- WORK TO COMPLETE:
When you copy the material below, keep every line exact and omit the pictures.

- INPUT MATERIAL:
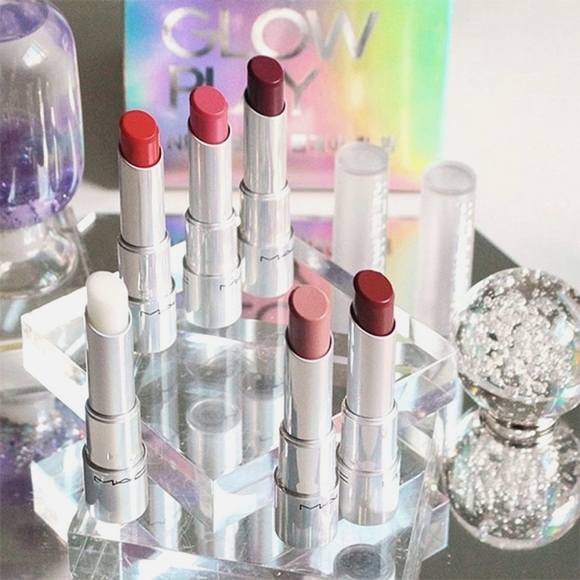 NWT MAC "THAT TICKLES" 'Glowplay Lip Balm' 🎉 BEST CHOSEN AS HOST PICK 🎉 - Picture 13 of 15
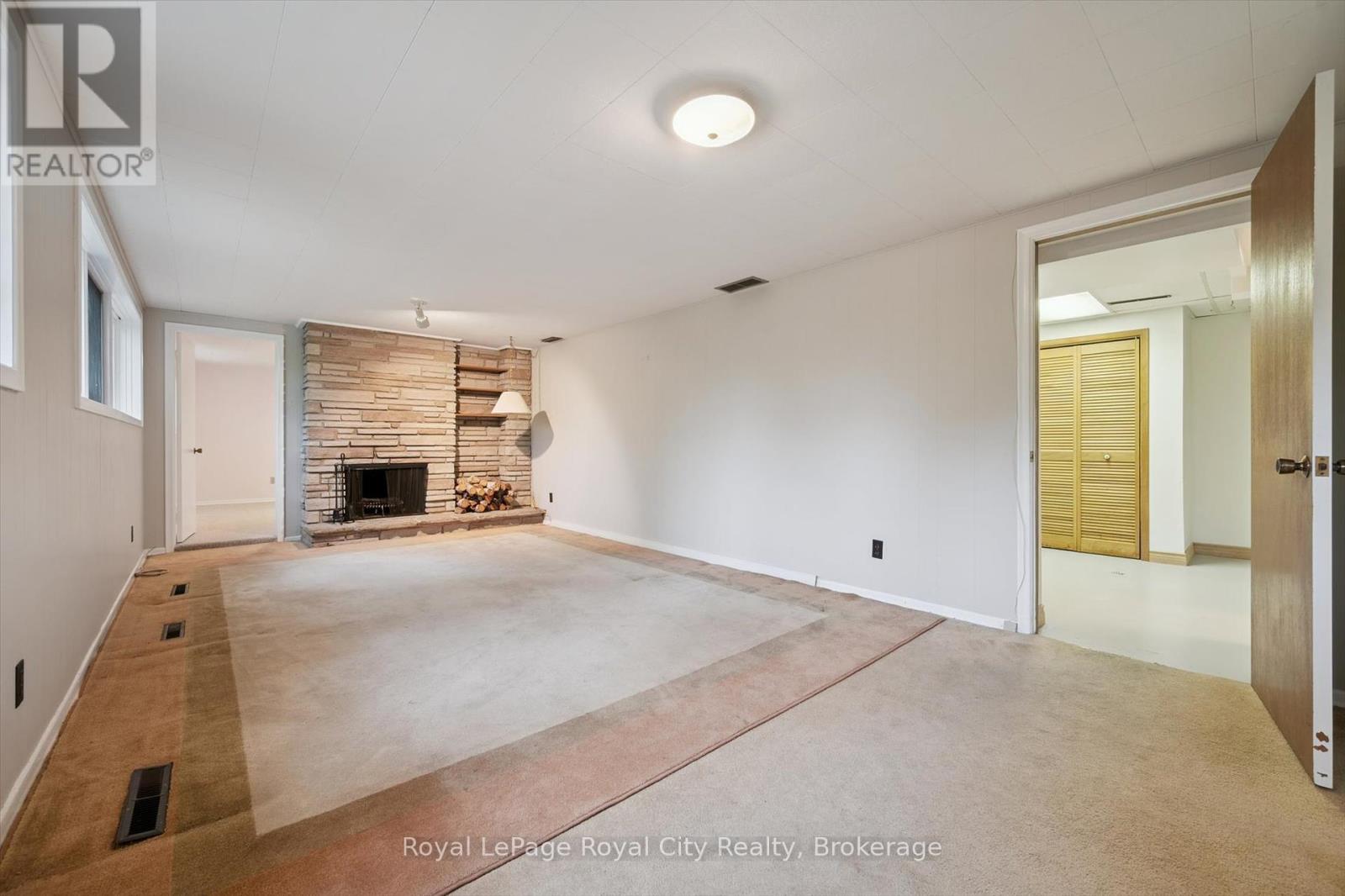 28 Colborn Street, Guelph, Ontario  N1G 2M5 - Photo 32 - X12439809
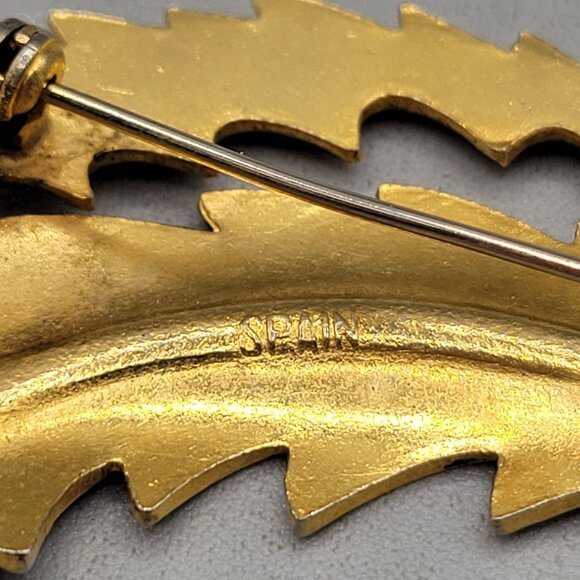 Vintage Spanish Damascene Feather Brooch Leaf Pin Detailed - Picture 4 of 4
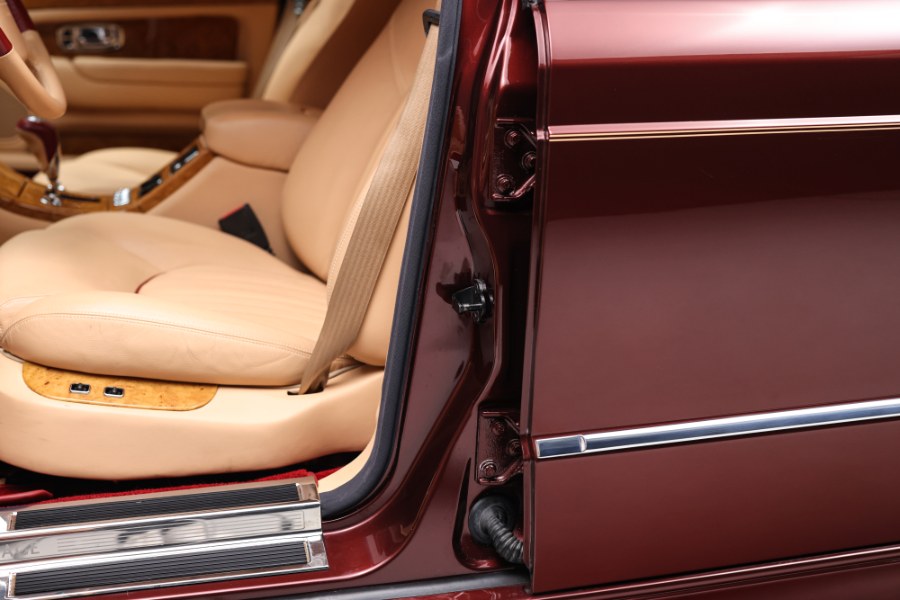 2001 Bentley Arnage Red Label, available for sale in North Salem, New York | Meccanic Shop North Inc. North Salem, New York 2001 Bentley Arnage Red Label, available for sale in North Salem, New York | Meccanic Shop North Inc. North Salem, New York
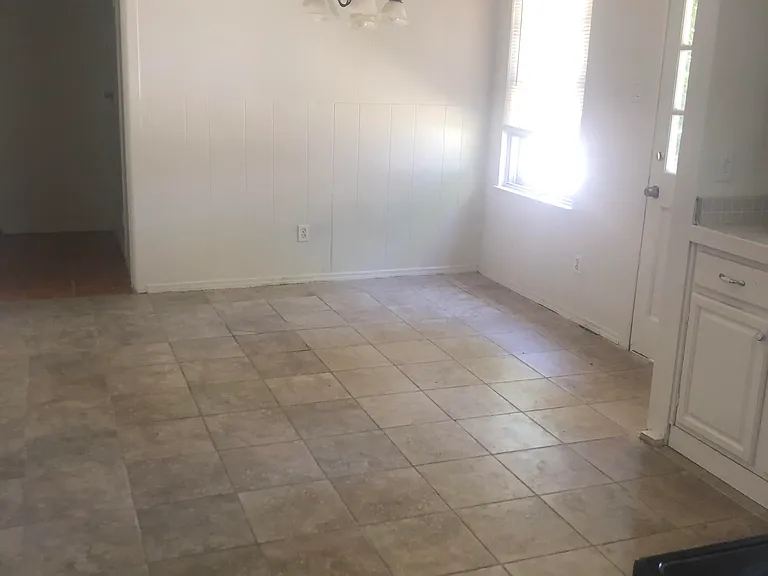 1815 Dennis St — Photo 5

- ANSWER BOX:
 NWT MAC "THAT TICKLES" 'Glowplay Lip Balm' 🎉 BEST CHOSEN AS HOST PICK 🎉 - Picture 13 of 15
 28 Colborn Street, Guelph, Ontario  N1G 2M5 - Photo 32 - X12439809
 Vintage Spanish Damascene Feather Brooch Leaf Pin Detailed - Picture 4 of 4
 2001 Bentley Arnage Red Label, available for sale in North Salem, New York | Meccanic Shop North Inc. North Salem, New York 2001 Bentley Arnage Red Label, available for sale in North Salem, New York | Meccanic Shop North Inc. North Salem, New York
 1815 Dennis St — Photo 5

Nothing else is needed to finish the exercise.